As the senora looked dreamily over the hills, she became aware of the peculiar actions of a man on horseback, who was approaching the house from the direction in which her husband and the vaqueros had disappeared. That which summoned her attention was the fact that the man was approaching by an irregular route, which no ordinary circumstance would have required. He had such a way of keeping behind the trees that she could not determine his identity. It looked strange and mysterious, and something impelled her to drop the lace curtain over the window, for behind it she could watch without danger of being seen.

The horseman disappeared, and this made her uneasiness all the greater, but she said nothing to Alice. Soon she noticed the man on foot approaching the house, in a watchful, skulking fashion, slipping from one tree or one bit of shrubbery to another. Then, with a swift run, he came near, and, stealthily and noiselessly as a cat, began to ascend to her window by clambering up the wistaria-vine. Her spirit quailed and her cheeks blanched when she saw the naked blade of a dagger held between his teeth. She understood his mission–it was her life and the gold; and the glittering eyes of the robber she recognized as those of Basilio Velasco. After a moment of nerveless terror the ancient resisting blood of the Ovandos sprang into alert activity, and this gentlest and sweetest of young women armed her soul to meet Death on his own ground and his own terms, and try the issue with him.

She gave no alarm, for there was none in the house except herself and Alice. To have given way to fear would have destroyed her only hope of life.

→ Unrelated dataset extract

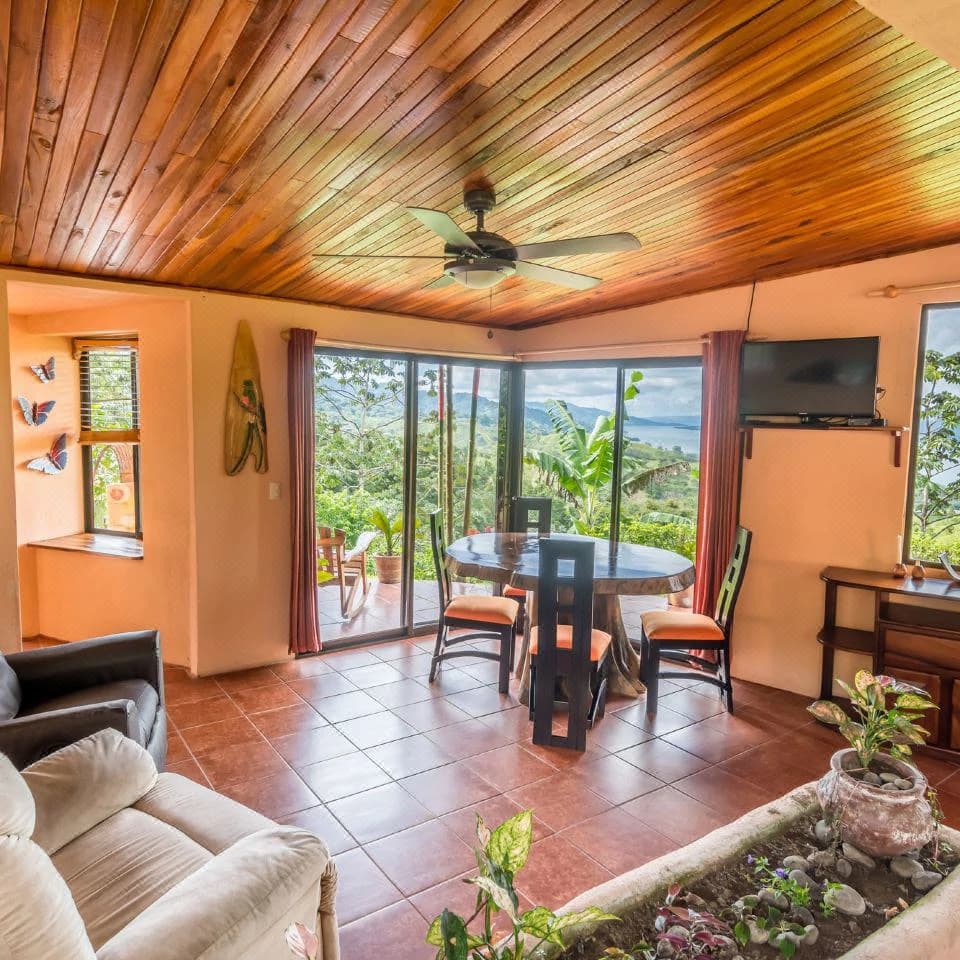 Nepenthe B&B: Hotel / B&B in the Rain Forest with spectacular views of Lake Arenal & Volcano. - photo 9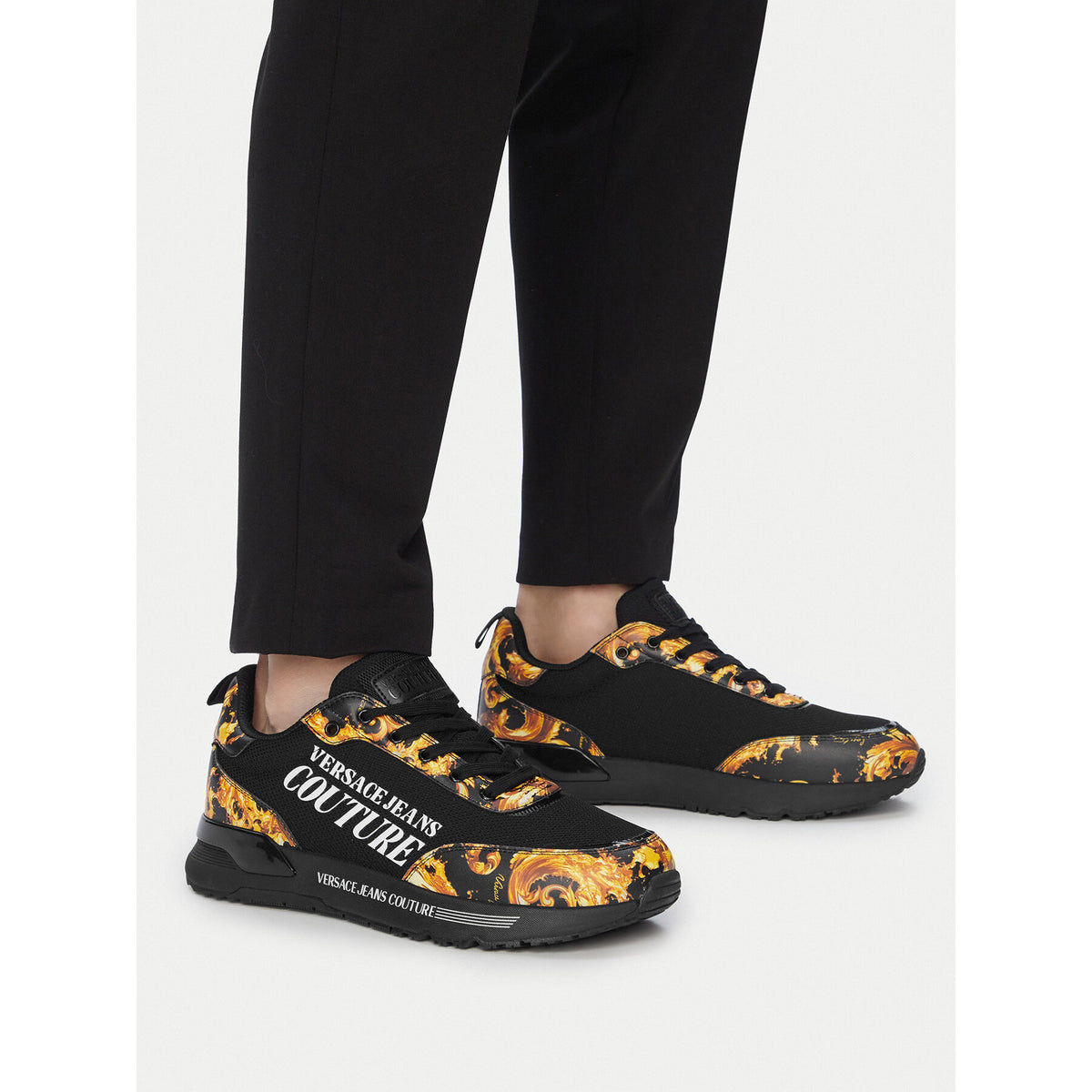 Versace Jeans Couture Сникърси 80YA3SA5 Черен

Quietly, in a low tone, she said,–

“Alice, listen, but do not say a word.” There was an impressiveness in her manner that startled the nervous, timid girl; but there were also in it a strength and a self-reliance that reassured her. She dropped her work and regarded her mistress with wonder. “Look in the second drawer of the bureau. You will find a pistol there. Bring it to me quickly, without a word, for a man is clambering up the vine under my window to rob me, and if we make any outcry or lose our heads we are dead. Place full confidence in me, and it will be all right.”

Alice, numb and nervous with fear, found the pistol and brought it to her mistress.

“Go and sit down and keep quiet,” she was told; and this she did.

Violante, seeing that the weapon was loaded, cocked it, and glanced out the window. Basilio was climbing very slowly and carefully, fearing that the least disturbance of the vine would alarm the senora. When he had come sufficiently near to make her aim sure, Violante suddenly thrust aside the curtain, leaned out the window, and brought the barrel of the weapon in line with Velasco’s head.

“What do you want, Basilio?” she asked.

Hearing the musical voice, the Spaniard quickly looked up. Had the bullet then imprisoned in the weapon been sent crashing through his vitals, he would have received hardly a greater shock than that which quivered through his nerves when he saw the black barrel of the pistol, the small but steady hand which held it aimed at his brain, and the pale and beautiful face above it. Thus holding the robber at her mercy, she said firmly to the girl,–

“Alice, there is nothing to fear now. Run as fast as you can to the west end of the house, about a hundred yards away, and you will find this man’s horse tied there somewhere in the shrubbery. Mount it, and ride as fast as God will let you. Find my husband, and tell him I have a robber as prisoner.”

The girl, almost fainting, passed out of the room, found the horse, and galloped away, leaving these two mortal enemies facing each other.